**Instructions for the task:** Recreate the listing that follows line for line, without pictures.

**Provided data:**
....................

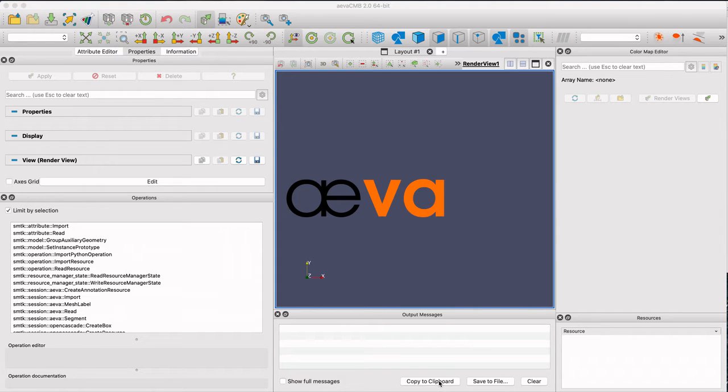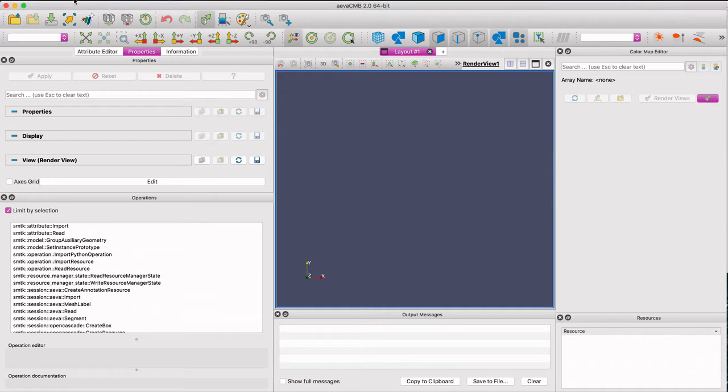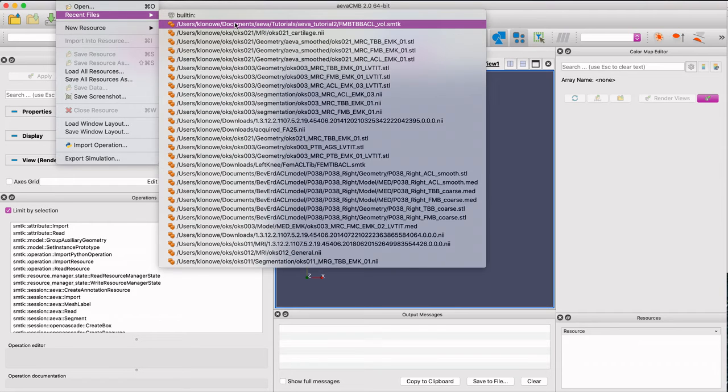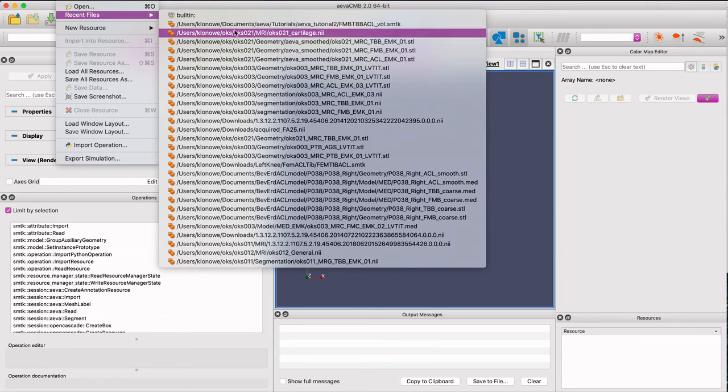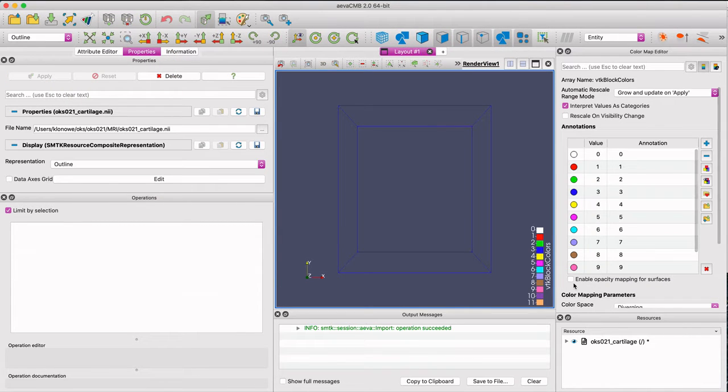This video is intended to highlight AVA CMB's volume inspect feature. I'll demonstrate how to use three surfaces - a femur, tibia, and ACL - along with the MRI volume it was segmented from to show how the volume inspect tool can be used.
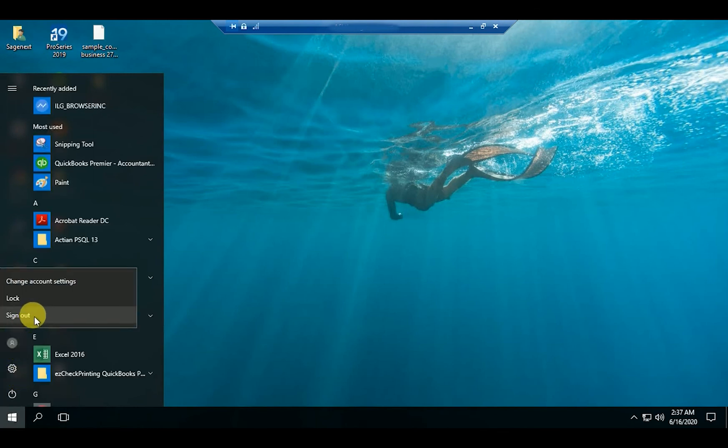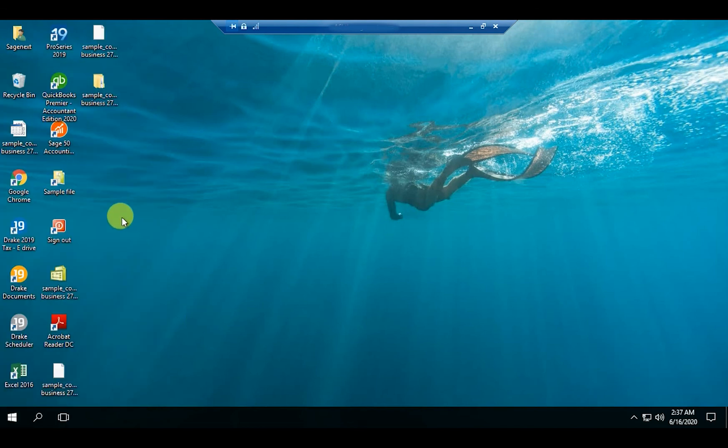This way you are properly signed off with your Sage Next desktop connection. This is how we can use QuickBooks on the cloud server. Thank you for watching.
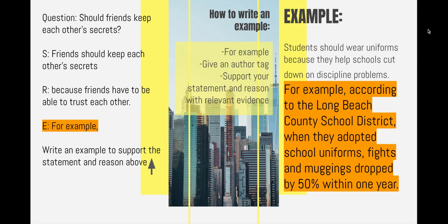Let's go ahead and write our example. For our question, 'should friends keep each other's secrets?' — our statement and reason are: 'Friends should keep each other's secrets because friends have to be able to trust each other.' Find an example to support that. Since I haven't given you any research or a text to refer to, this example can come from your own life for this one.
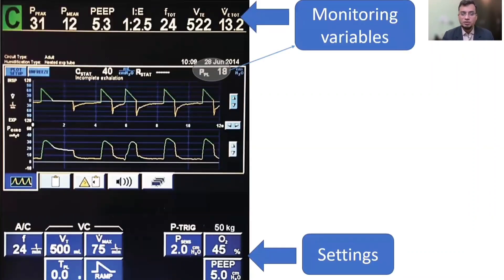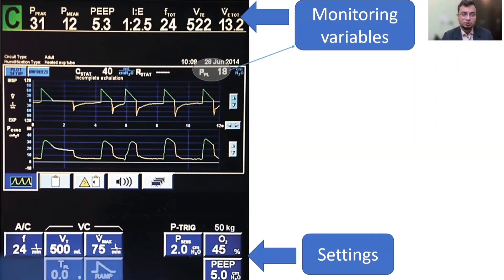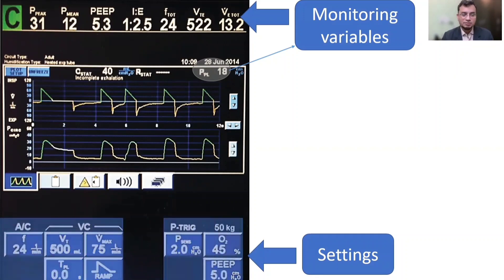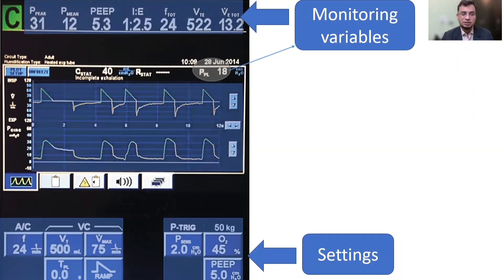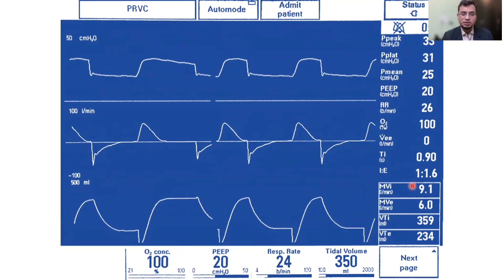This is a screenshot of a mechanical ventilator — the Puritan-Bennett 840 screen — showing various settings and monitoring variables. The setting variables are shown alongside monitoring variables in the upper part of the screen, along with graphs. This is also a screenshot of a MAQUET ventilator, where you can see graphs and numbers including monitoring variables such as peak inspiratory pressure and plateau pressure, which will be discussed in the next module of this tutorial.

....................

**Response to the exercise:**
This video is intended to highlight AVA CMB's volume inspect feature. I'll demonstrate how to use three surfaces - a femur, tibia, and ACL - along with the MRI volume it was segmented from to show how the volume inspect tool can be used.
This way you are properly signed off with your Sage Next desktop connection. This is how we can use QuickBooks on the cloud server. Thank you for watching.
Let's go ahead and write our example. For our question, 'should friends keep each other's secrets?' — our statement and reason are: 'Friends should keep each other's secrets because friends have to be able to trust each other.' Find an example to support that. Since I haven't given you any research or a text to refer to, this example can come from your own life for this one.
This is a screenshot of a mechanical ventilator — the Puritan-Bennett 840 screen — showing various settings and monitoring variables. The setting variables are shown alongside monitoring variables in the upper part of the screen, along with graphs. This is also a screenshot of a MAQUET ventilator, where you can see graphs and numbers including monitoring variables such as peak inspiratory pressure and plateau pressure, which will be discussed in the next module of this tutorial.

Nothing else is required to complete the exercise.